Sospirai rassegnata.

"Sì, non riuscivo più a vivere con loro."

Lui rimase in silenzio come è stesse pensando a qualcosa.

"Sai, in realtà anch'io ci stavo pensando da un po'. Vorrei andare a vivere da solo o condividere un appartamento con qualcuno."

"Ma perché? Tuo fratello è così buono e mi hai sempre parlato bene di tua sorella da quando vive con voi..."

"Il fatto è che sento che non posso più stare in questa casa, perché ci sono troppi ricordi. Mi sento quasi soffocare. Pensa che non riesco più nemmeno a dormire sul mio letto per..."

"Ma sei serio? Hai mandato affanculo Jason così tante volte che sembra che tu non l'abbia mai amato e ora stai qui a farmi il discorso sui tuoi ricordi?!" sbottai.

"Parli così perché non capisci." disse lui, mantenendo un tono gentile.

"Ciò che capisco, caro Jake, è che Jason è a pezzi e il senso di colpa che gli hai buttato addosso lo sta consumando ogni giorno di più. Ha ricominciato con l'alcool e l'ho addirittura trovato a bere vodka lemon stamattina a scuola. È messo male, davvero male."

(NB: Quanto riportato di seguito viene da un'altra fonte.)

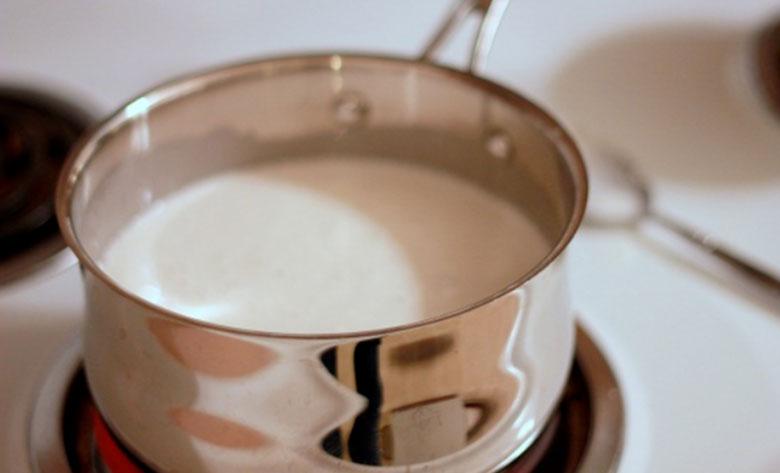 Cách nấu chè chuối bột báng: Nấu nước cốt dừa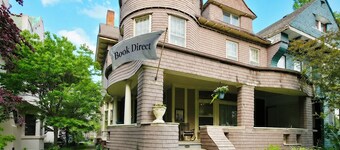 The Kings Throne Inn and Guest House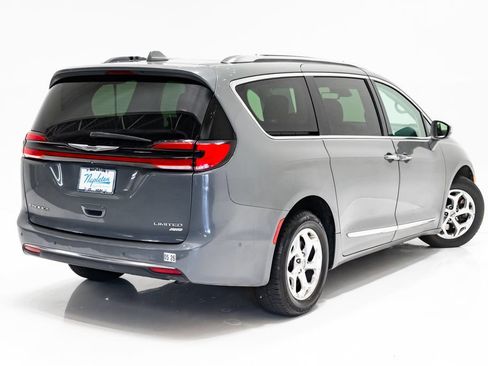 Used 2021 Chrysler Pacifica Limited w/ Premium & Safety Sphere Group AWD/4WD image 29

Guardai il suo volto diventare improvvisamente triste.

"Ha ricominciato a bere..." disse, con voce spezzata.

Iniziò a torturarsi le mani e il suo labbro inferiore.

"Tu puoi salvarlo." dissi, ripensando alle parole di Jason.

Aveva detto che erano ancora in tempo, ma io ero più che convinta che solo uno dei due ce l'avrebbe fatta a sconfiggere le proprie debolezze e non ero io. Lui era quello forte, lui ce l'avrebbe fatta.

"E come?!"

"Ha solo bisogno del tuo perdono!"

"N-non posso..." sussurrò iniziando a farsi scappare qualche lacrima.

"Jake se solo ti decidessi a passarci sopra... Ormai sono passati mesi."

"Tu non capisci Hel, io lo amavo e lui diceva di amare me, ma ha mandato a puttane tutto. Probabilmente non sei mai stata innamorata ecco perché parli così. Ora me ne vado, ho bisogno di dormire."

Uscì dalla stanza e mi lasciò sola. Mi tolsi i vestiti e rimasi in biancheria intima. Mi misi sotto le coperte e lasciai che il calore mi avvolgesse.
Jake aveva torto, io ero stata innamorata e anche in modo profondo. Avevo amato Jason con tutto il mio cuore e ancora lo amavo. Lo amavo come un fratello e sentivo che avrei dovuto metterci tutte le forze che avevo, per salvarlo. Jason mi aveva fatta sentire viva un tempo, quindi era arrivato il mio turno. Gli avrei fatto riavere la felicità che aveva perso. L'avrei fatto, perché ero Helen Bailey e quella era una promessa che mi stavo facendo e che avrei mantenuto.